Short web captions:
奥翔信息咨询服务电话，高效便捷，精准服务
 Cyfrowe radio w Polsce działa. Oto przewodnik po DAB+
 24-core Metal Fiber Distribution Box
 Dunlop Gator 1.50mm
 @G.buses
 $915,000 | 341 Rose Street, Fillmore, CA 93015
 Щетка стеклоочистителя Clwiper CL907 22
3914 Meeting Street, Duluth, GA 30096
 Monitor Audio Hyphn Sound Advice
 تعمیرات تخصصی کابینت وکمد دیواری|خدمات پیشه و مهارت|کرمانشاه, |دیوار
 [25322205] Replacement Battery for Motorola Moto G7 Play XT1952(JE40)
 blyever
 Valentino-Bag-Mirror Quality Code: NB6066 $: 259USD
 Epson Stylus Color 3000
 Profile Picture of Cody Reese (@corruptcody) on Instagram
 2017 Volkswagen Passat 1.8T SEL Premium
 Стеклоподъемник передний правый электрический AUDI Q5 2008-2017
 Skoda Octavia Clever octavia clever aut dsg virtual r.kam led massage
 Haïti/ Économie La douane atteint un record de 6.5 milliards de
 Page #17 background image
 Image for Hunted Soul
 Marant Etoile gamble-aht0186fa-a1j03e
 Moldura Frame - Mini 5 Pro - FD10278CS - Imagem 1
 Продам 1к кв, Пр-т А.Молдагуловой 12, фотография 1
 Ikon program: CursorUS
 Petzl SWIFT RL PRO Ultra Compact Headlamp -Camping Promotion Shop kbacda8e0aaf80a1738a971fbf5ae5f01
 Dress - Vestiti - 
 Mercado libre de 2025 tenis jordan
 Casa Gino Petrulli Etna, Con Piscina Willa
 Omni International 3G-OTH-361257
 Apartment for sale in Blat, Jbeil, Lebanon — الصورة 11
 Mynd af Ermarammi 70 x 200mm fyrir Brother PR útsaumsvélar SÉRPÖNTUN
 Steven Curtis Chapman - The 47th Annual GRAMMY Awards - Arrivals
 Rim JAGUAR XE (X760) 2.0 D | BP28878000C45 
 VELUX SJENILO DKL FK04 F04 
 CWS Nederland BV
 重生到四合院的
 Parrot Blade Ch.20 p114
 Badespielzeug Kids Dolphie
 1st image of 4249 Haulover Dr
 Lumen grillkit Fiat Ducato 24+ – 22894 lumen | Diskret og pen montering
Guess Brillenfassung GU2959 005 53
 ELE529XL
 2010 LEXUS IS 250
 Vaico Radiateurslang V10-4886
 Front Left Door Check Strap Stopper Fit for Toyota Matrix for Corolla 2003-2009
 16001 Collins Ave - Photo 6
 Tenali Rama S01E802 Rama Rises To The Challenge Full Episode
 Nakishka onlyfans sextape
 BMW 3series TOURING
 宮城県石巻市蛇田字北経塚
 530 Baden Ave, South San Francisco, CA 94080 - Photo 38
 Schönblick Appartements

▸ **Problem statement**
Please report how many lines in the records contain the string "Street", and write nothing besides that number.

▸ **Output of the task**
2